PAES — Tenho um amigo italiano que tem um sotaque fortíssimo e se explica assim: "Por que vou falar tão bem uma língua estrangeira? Eu não quero ser espião". Ele diz mais: que falar língua sem sotaque é falta de caráter. Eu concordo. O sotaque é uma coisa adorável, pois guarda o passado de uma pessoa, sua história. E também pode ter seu charme. Quem, entre os homens de minha idade, não se encantava com a atriz de televisão que tinha sotaque francês arrastado e delicioso? O cidadão que enche a boca para falar de Primeiro Mundo é o mais Terceiro Mundo que existe. Não existe esse negócio de Primeiro Mundo. A imbecilidade também está no chamado Primeiro Mundo, a grosseria também está lá.

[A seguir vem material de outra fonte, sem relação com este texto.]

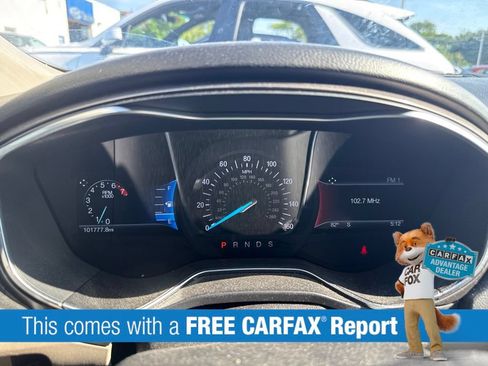Used 2017 Ford Fusion SE w/ Fusion SE Technology Package AWD/4WD image 3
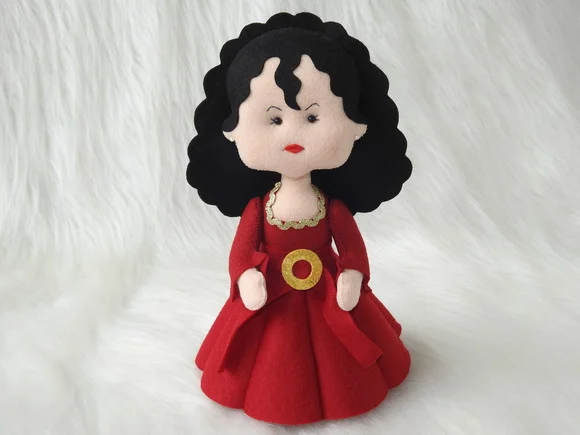 Mãe Gothel em Feltro- Enrolados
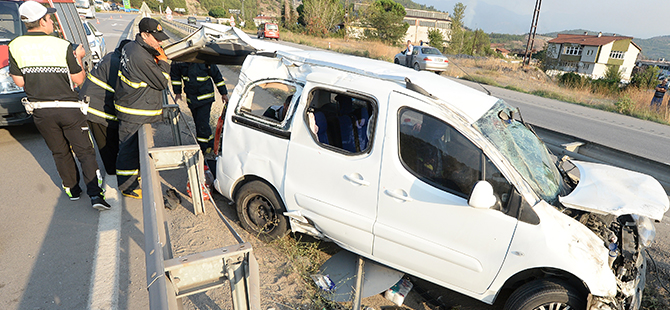 Araç devrildi 6 kişi yaralandı.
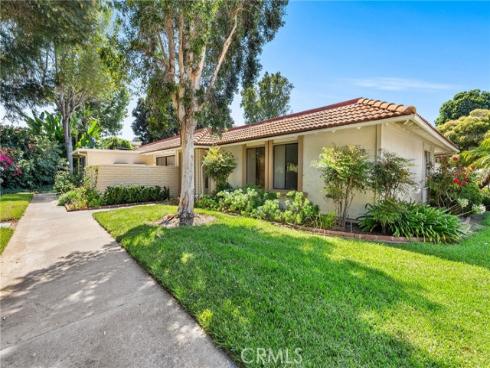 3075  Via Serena  A , Laguna Woods, CA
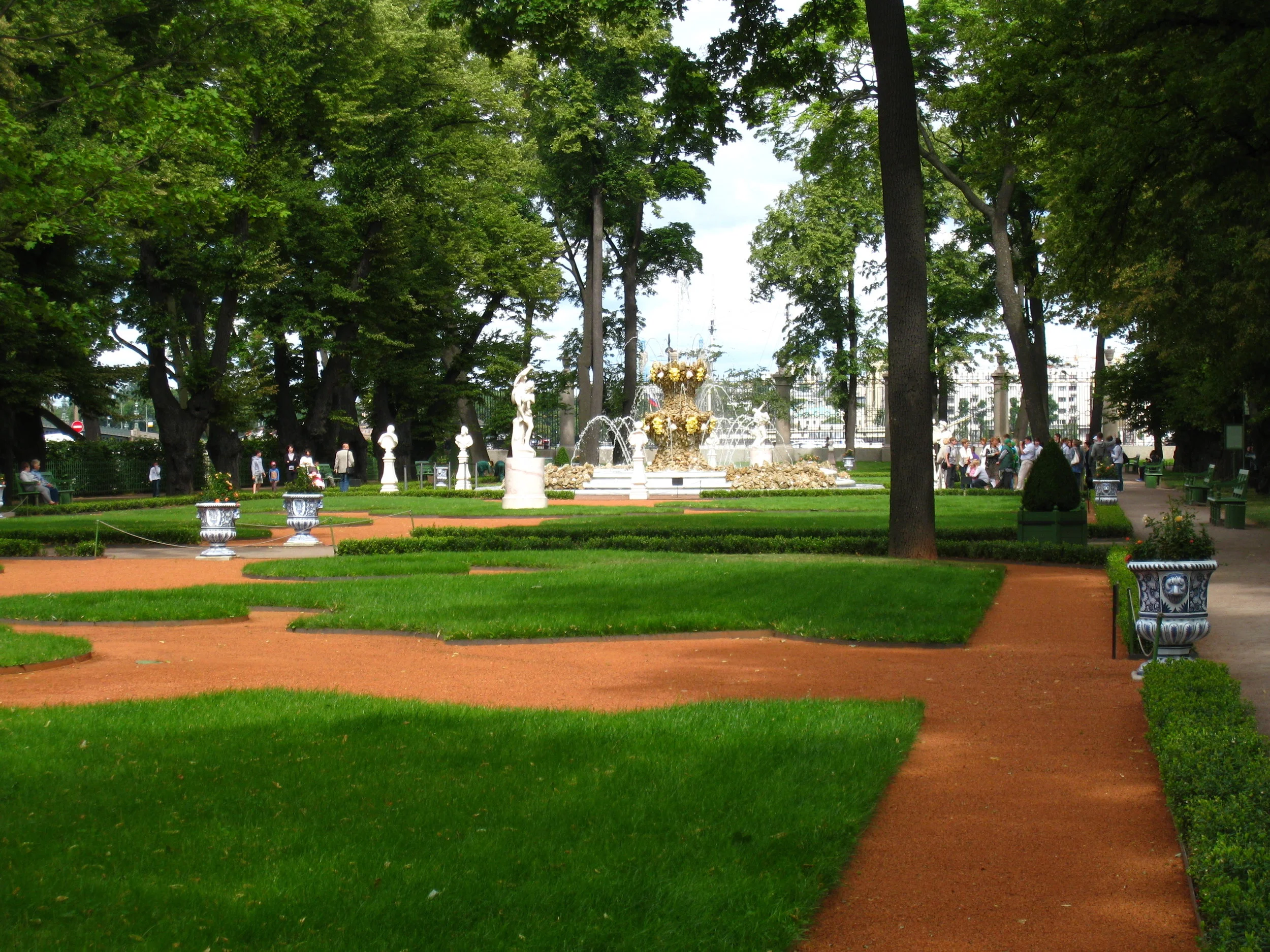  St. Petersburg--St. Michael's Castle Gardens (Summer Garden) 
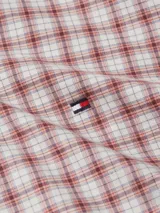 Camisa de cuadros pequeños en tonos rojos y blancos, confeccionada en algodón orgánico elástico, con cuello y cierre de botones.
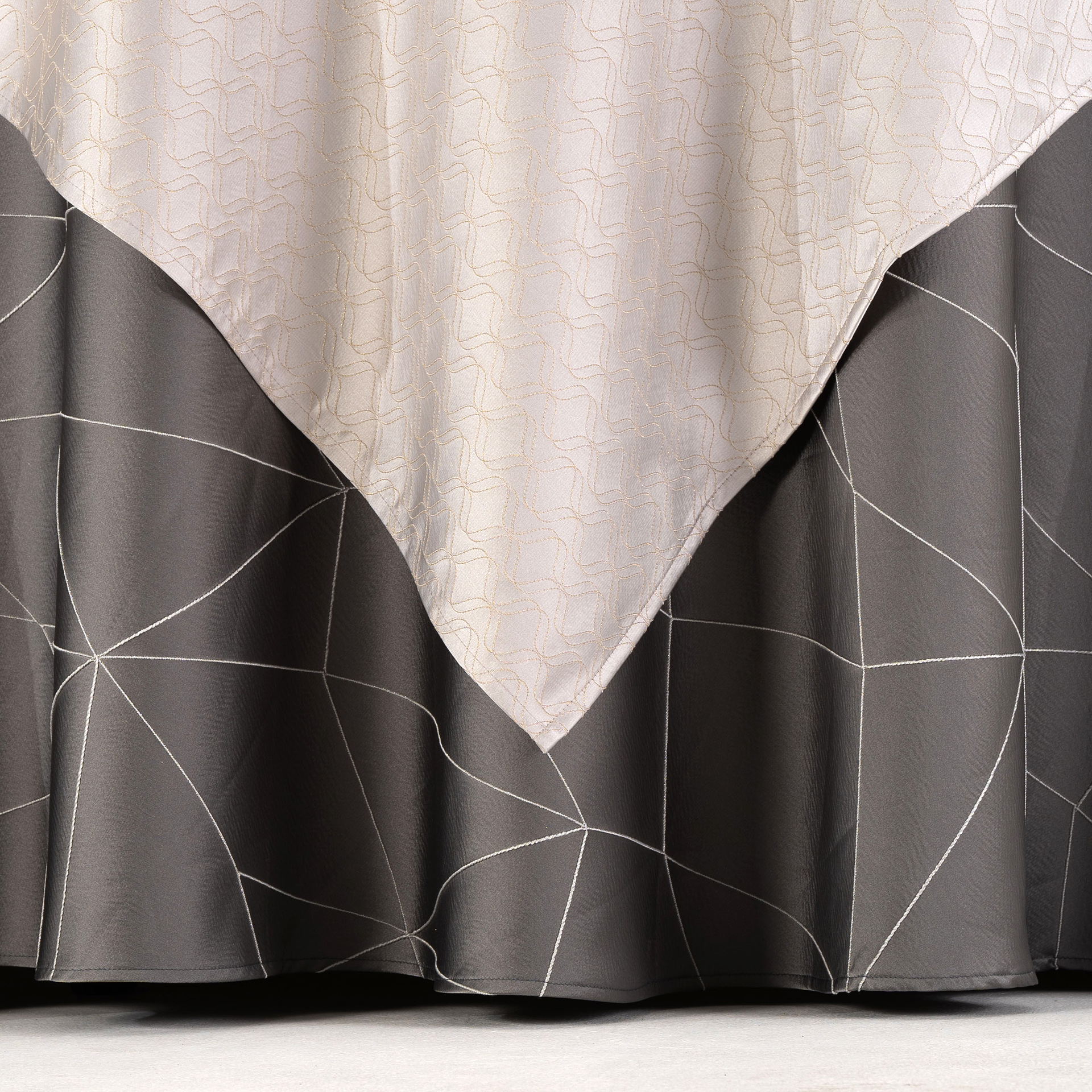 Modern Charcoal Geometric Hotel Banquet Tableware & Linen Collection - Image 8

Se isto for verdade, talvez aí esteja a explicação para a minha falta de caráter. Apesar de ter aprendido sem sotaque depois dos 20. Minha história, meu passado, todos bem guardados em algum depósito portenho. Mas há outra não identificação. Fiz uma troca de terceiro mundo para terceiro mundo. Será que isso me absolve um pouco de minha canalhice?
I.R.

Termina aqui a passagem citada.